Apr 052013
 

Tonight’s New Game Stuff will start in traditional card game territory but slowly descend into madness.

You’ve been warned.

For players of traditional card games like Spades and Hearts, Clubs makes an appearance at the store this weekend.  For those who’ve never played these classic card games or are looking for a simple game for the whole family to play, here’s brief, brief, short, limited, minimal, tiny rundown.  Clubs is all about getting rid of cards as fast as possible.  Like how you’d want to get rid of a bag of wet weasels dosed on speed.  This must be balanced with a trick taking (but only on clubs) in order to score points before the end of the game.  It’s simple as simple does.

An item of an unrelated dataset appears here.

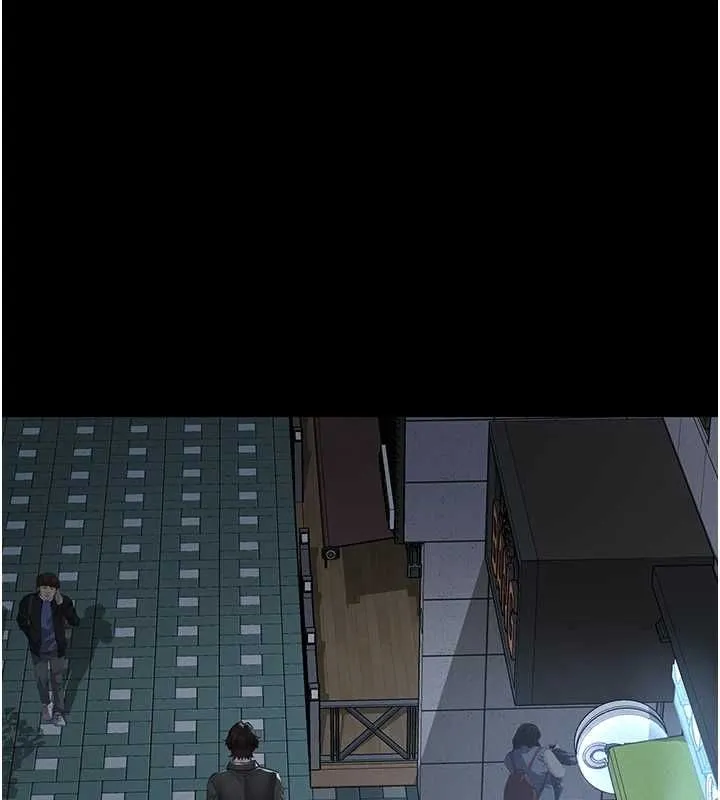 第16话-被爸爸的精液填满小穴 122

As Wizards of the Coast continues to reprint its entire library of Dungeons and Dragons 3.5 hardcovers, they have made it to the tome of all wizardry might, the Spell Compendium.  Say you wish to melt off the face of your guild’s resident Baird.  SPELL COMPENDIUM!  Or maybe turn an owl-bear into a poodle.  SPELL COMPENDIUM!  Or maybe just warm up a pot of tea.  Probably use a fire pit for that last one, but otherwise SPELL COMPENDIUM!!  Ultimately, the point here is that the Spell Compendium has every important magic whatzamahoozit in all of D&D, now wrapped in an errata’d hardcover edition.

All seemed peaceful in the world of Vigil.  The villains were dispersed.  War had ended.  And crystals rained from the sky.  But it was only when it was too late that these seemingly ordained gifts turned out to be omens of danger.  Such is the state of Ascension‘s newest edition, Rise of Vigil.  Continuing to make it easy for new players to get into the popular deck building card game designed by Magic the Gathering players, Rise of Vigil is another standalone version of the game.  If you do have any of the previous editions, however, you can combine them with Rise of Vigil for up to six player combat.  This new edition includes nearly 260 cards, a fair portion of which are new heroes and constructs.

Now for the insanity.

First off, look at the picture to the right.  Apologies for the racier content, but that’s seriously the art for the game.  And, yes, the, um, “proportions” are bit unrealistic.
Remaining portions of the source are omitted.